Having migrated our DB to a new machine, I was left with a pretty good machine unused. I decided to rebuild it and try out Postgres 9.0.

I downloaded and installed CentOS 6.0 x86_64, built Postgres 9.0.4 from SRPMS (makes me feel better building it myself), installed it and did initdb, dumped the primary DB to our NAS using psql 9.0 (pg_dump [db] | gzip > /path/to/file.gz) and began the restore.

Not much of a story but it took 33 hours to restore the DB, with the bulk of the time spent building indices. When the restore was complete I did an analyze verbose which took another 2 hours, for a total of 35 hours, not counting the time it took to create the dump file – about 14 hours, but this was with the DB under heavy load, made heavier by the dump, so I don’t know how long it would really take. I’m glad I didn’t have to do this to migrate, but I’m not relishing the idea of doing a real upgrade to 9.0 if it’s going to take this long. For the restore I disabled autovacuum and set fsync = off. It’s an ext4 filesystem on a 24-disk RAID 10 of 10krpm SAS drives.

DB size on disk after a clean restore was 1156 GB, as per pg_database_size(), versus 1237 GB on disk for the one that was migrated via bit-copy, so there’s a sizable chunk of crud accumulated in there.
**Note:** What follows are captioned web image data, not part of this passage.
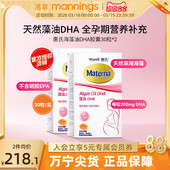 万宁玛特纳惠氏DHA藻油软胶囊孕妇专用 美国进口备孕准妈妈营养品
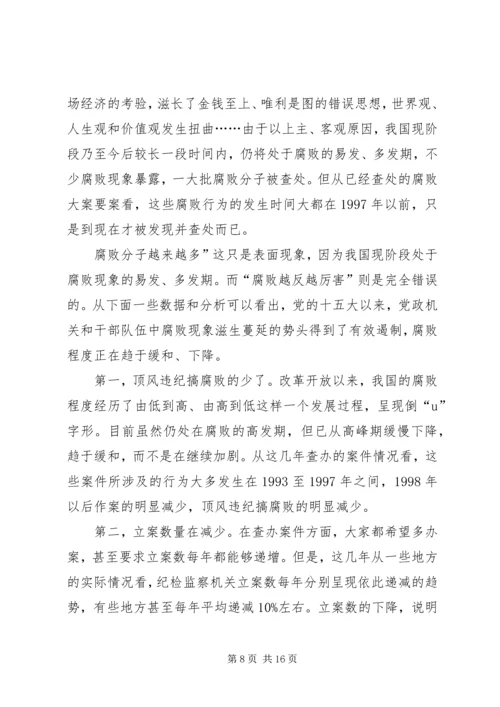 正确认识我国当前党风廉政建设和反腐败斗争形势 (4).docx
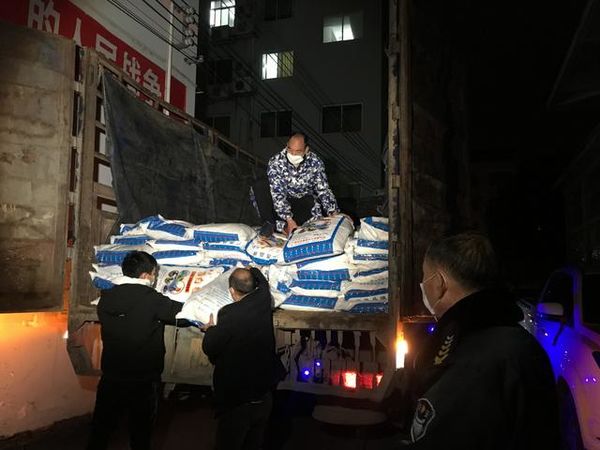 �ж�������˾��Ϊ�������ʴ�ͨ'������'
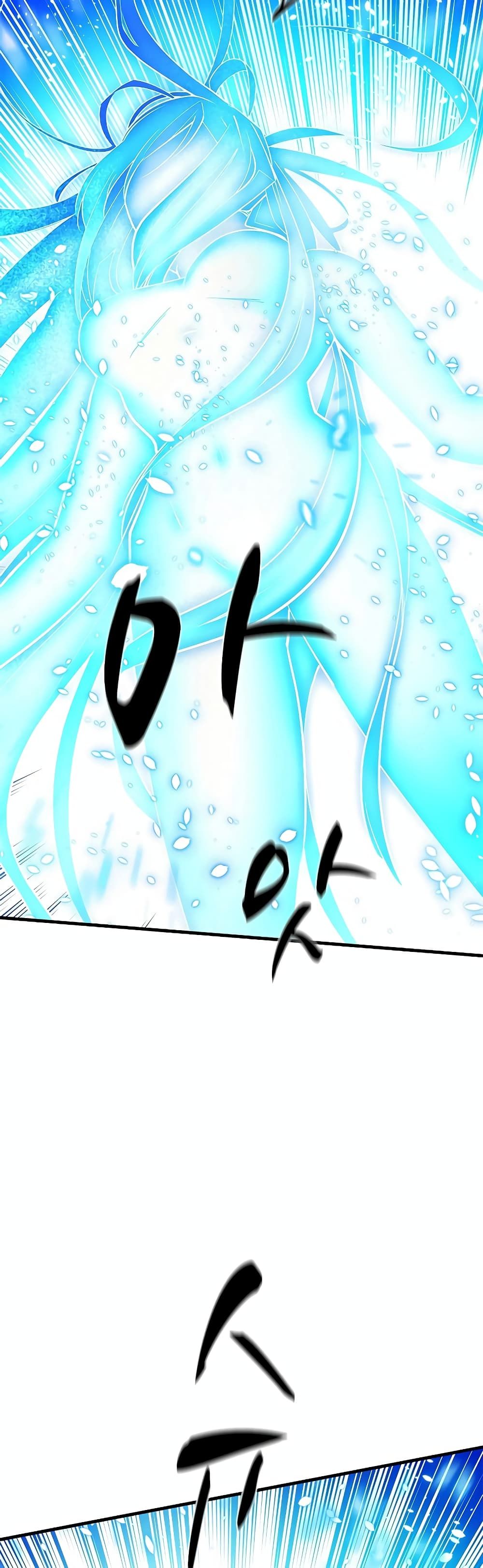 The Tutorial is Too Hard ตอนที่ 176 9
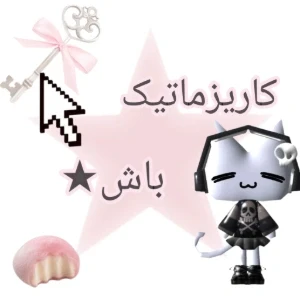 کاور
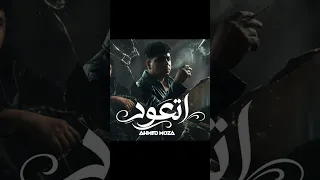 صدمه في صدمه   اتعود تبقي لوحدك   احمد موزه السلطان   توزيع زيزو المايسترو        دندنها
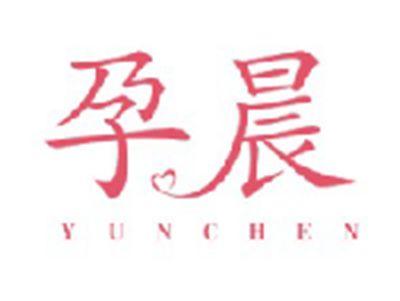 孕晨YUNCHEN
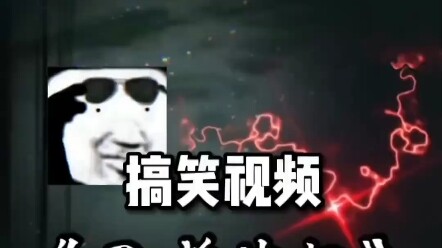 “Chỉ chút sóng nhỏ này mà cũng định quật ngã tôi à?”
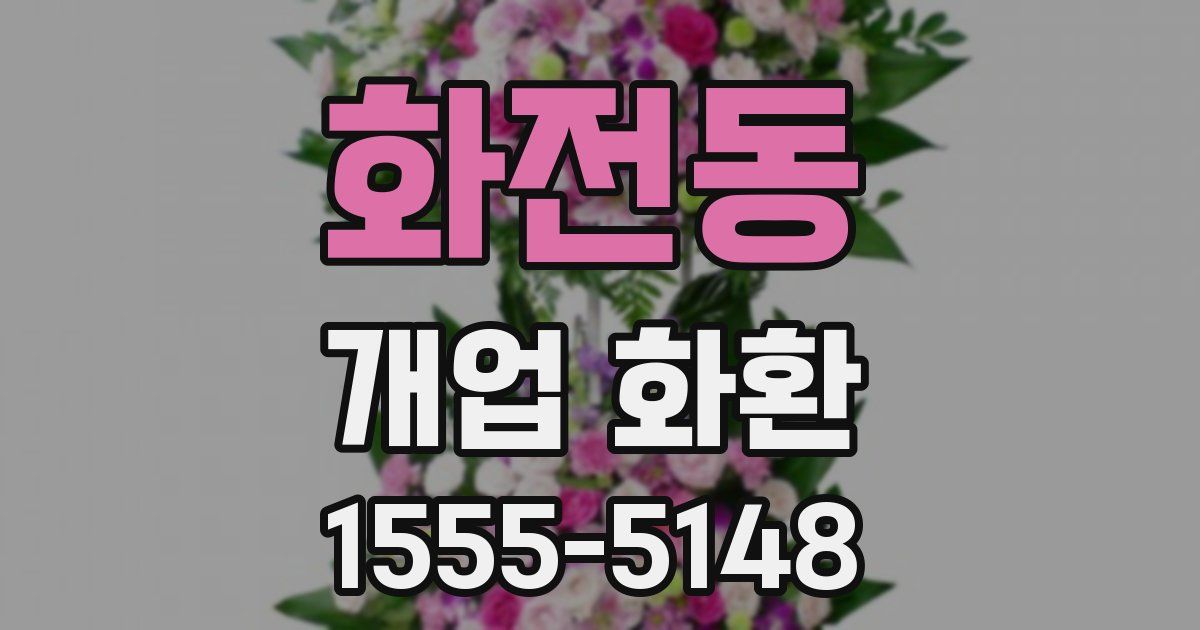 화전동 개업 화환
Also, in doing this I discovered the logger command. One of the things that I’ve always found annoying about doing a pg restore is that the output is just a bunch of statements like this:

SET
SET
SET
CREATE SCHEMA
ALTER SCHEMA
CREATE SCHEMA
ALTER SCHEMA
SET
CREATE TABLE
ALTER TABLE
CREATE FUNCTION
ALTER FUNCTION

This is just what’s returned from the SQL commands, but it’s not very informative, and most importantly it doesn’t show you the timestamp so you have no idea how long anything’s taking. With logger, you can just pipe the output to it and it’ll be logged with syslog. So my restore command looked like this:

zcat /nfs/db/pgdump-90.sql.gz | psql -Upguser db 2> ~/restore.20110723-1916.log | logger -t PGRESTORE

This made it trivial to get the messages out of /var/log/messages with grep:

[root@link log]# grep PGRESTORE messages | head
Jul 24 03:36:43 link PGRESTORE: ALTER TABLE
Jul 24 03:36:43 link PGRESTORE: SET
Jul 24 03:36:44 link PGRESTORE: ALTER TABLE
Jul 24 03:36:44 link PGRESTORE: ALTER TABLE
Jul 24 03:38:45 link PGRESTORE: ALTER TABLE
Jul 24 03:39:13 link PGRESTORE: ALTER TABLE
Jul 24 03:39:13 link PGRESTORE: ALTER TABLE
Jul 24 03:39:13 link PGRESTORE: ALTER TABLE
Jul 24 03:39:13 link PGRESTORE: SET
Jul 24 03:39:13 link PGRESTORE: ALTER TABLE

In addition to having the timestamps it eliminates the accumulation of the random log files that accumulate like droppings from myriad one-off scripts. I modified about 20 cron jobs to pipe their output to logger rather than junk files in /tmp or my homedir. I can’t believe I never heard of logger before! Hooray for logger!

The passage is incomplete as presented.